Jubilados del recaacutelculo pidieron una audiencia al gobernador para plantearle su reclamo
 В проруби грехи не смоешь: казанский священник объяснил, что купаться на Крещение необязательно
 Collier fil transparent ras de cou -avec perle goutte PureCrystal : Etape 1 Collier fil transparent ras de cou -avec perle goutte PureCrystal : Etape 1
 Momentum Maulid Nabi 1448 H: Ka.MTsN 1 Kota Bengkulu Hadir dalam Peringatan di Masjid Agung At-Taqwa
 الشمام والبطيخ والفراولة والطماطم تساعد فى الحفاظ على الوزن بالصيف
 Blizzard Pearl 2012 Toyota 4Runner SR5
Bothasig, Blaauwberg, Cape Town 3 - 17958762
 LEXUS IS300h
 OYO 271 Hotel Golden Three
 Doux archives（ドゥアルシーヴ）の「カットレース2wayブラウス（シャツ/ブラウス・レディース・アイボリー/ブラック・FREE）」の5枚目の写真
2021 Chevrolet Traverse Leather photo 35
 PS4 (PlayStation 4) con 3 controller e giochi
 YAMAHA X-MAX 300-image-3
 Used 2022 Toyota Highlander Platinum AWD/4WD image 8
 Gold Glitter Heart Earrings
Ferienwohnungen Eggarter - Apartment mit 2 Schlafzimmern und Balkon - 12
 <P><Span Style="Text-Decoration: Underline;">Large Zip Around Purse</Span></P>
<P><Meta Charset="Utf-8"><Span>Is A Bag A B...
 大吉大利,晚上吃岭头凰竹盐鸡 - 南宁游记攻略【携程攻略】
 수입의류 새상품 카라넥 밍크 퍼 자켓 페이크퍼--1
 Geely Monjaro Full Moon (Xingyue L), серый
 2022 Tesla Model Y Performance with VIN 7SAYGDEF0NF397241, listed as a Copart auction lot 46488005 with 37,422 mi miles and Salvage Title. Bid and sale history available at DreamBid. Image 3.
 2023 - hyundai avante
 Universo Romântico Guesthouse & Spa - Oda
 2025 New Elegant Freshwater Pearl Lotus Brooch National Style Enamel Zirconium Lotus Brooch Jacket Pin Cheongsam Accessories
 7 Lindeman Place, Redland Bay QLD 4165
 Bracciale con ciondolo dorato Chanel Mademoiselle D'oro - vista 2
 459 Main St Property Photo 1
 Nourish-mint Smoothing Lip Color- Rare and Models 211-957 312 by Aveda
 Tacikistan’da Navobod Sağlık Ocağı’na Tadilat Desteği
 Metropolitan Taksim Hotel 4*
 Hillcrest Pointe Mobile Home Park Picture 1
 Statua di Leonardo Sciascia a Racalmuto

**Prompt**. For the records above, state the number of lines that include the string "Style" and add nothing.

**Result for this exercise**. 2